URIs and URLs
Before a web request can be made, the browser needs to know where the resource requested can be found. This is the role that a Universal Resource Locator (a URL) plays. A URL is a specific kind of Universal Resource Indicator (URI) that specifies how a specific resource can be retrieved.
URLs and URIs The terms URL and URI are often used interchangeably in practice. However, a URL is a specific subset of URIs that indicate how to retrieve a resource over a network; while a URI identifies a unique resource, it does not necessarily indicate how to retrieve it. For example, a book’s ISBN can be represented as a URI in the form urn:isbn:0130224189. But this URI cannot be put into a browser’s Location to retrieve the associated book.
A URI consists of several parts, according to the definition (elements in brackets are optional):
URI = scheme:[//[userinfo@]host[:port]]path[?query][#fragment]
Let’s break this down into individual parts:
scheme: The scheme refers to the resource is identified and (potentially) accessed. For web development, the primary schemes we deal with are http (hyper-text transfer protocol), https (secure hyper-text transfer protocol), and file (indicating a file opened from the local computer).
userinfo: The userinfo is used to identify a specific user. It consists of a username optionally followed by a colon (:
) and password. We will discuss its use in the section on HTTP authentication, but note that this approach is rarely used today, and carries potential security risks.

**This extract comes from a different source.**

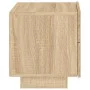 Bedside table with Sonoma oak LED lights 70x36x40.5 cm by , Nightstands - Ref: Foro24-836779, Price: 66,78 €, Discount: %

host: The host consists of either a fully quantified domain name (i.e. google.com, cs.ksu.edu, or gdc.ksu.edu) or an ip address (i.e. 172.217.1.142
or [2607:f8b0:4004:803::200e]
). IPv4 addresses must be separated by periods, and IPv6 addresses must be closed in brackets. Additionally, web developers will often use the loopback host, localhost
, which refers to the local machine rather than a location on the network.
port: The port refers to the port number on the host machine. If it is not specified (which is typical), the default port for the scheme is assumed: port 80 for HTTP, and port 443 for HTTPS.
path: The path refers to the path to the desired resource on the server. It consists of segments separated by forward slashes (/
).
query: The query consists of optional collection of key-value pairs (expressed as key:value), separated by ampersands (&
), and proceeded by a question mark (?
). The query string is used to supply modifiers to the requested resource (for example, applying a filter or searching for a term).
fragment: The fragment is an optional string proceeded by a hashtag (#
). It identifies a portion of the resource to retrieve. It is most often used to auto-scroll to a section of an HTML document, and also for navigation in some single-page web applications.
Thus, the URL https://google.com
indicates we want to use the secure HTTP scheme to access the server at google.com using its port 443. This should retrieve Google’s main page.
Similarly, the url https://google.com/search?q=HTML
will open a Google search result page for the term HTML (Google uses the key q
to identify search terms).